The summer of 1966 brought many changes to my life. I met the guy I would marry six weeks later after meeting on a blind date. The music once again was a huge part of my memories of that time. There was such a variety of music popular that crazy summer. We were listening to the Statler Brothers singing Flowers on the Wall one minute and Paint It Black by the Rolling Stones the next. The Mamas and Papas were popular and California Dreaming and Monday, Monday were both big hits. When a Man Loves a Woman by Percy Sledge was probably my favorite, at least for a day or two. There was just so many to choose from. After I met my husband to be, we saw each other every night and often we would drive down to the beach and the radio would be playing Simon & Garfunkel’s I Am a Rock, Little Red Riding Hood by Sam the Sham and the Pharaohs; the Beach Boys were still going strong with Good Vibrations and for some quieter music, we had the Righteous Brothers with You’re My Soul and Inspiration, You’ve Lost That Lovin Feeling and one of the most beautiful songs of all times, Unchained Melody.
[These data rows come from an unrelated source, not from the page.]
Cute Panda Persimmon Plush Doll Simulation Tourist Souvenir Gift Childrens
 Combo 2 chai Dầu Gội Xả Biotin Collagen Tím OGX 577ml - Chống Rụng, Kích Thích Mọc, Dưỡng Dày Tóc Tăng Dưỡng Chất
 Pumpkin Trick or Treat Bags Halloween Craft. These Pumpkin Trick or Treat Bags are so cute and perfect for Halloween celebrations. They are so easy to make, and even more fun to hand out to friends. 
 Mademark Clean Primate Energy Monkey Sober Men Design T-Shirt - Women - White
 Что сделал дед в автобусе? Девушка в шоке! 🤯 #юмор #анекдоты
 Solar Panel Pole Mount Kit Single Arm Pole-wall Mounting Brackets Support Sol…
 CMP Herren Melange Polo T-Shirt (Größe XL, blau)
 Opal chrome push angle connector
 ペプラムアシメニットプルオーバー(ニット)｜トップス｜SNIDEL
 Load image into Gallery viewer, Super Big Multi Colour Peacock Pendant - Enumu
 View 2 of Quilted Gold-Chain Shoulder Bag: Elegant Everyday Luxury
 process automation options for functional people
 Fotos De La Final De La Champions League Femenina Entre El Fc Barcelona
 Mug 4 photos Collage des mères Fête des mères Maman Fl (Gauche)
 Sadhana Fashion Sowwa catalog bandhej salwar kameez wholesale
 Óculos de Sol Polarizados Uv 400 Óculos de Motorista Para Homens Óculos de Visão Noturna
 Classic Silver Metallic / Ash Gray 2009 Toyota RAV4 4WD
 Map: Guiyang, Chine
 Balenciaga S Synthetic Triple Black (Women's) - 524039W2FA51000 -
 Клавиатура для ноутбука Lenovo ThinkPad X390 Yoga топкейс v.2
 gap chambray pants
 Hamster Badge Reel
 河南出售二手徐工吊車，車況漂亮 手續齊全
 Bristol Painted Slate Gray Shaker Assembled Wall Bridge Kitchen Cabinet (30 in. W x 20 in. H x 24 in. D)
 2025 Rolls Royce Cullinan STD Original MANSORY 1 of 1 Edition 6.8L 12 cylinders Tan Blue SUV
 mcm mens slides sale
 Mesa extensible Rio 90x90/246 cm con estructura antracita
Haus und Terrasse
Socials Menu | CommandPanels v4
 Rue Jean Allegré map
There’s so much to remember from that time but it all comes back to me when I hear these songs. No other time of my life has ever been so closely connected to music and no other music has ever affected me as much as the music from the 60’s. I feel this music has been woven into a tapestry along with the events and the people from that period of my life and like a piece of art, it’s beautiful to look at and cherish.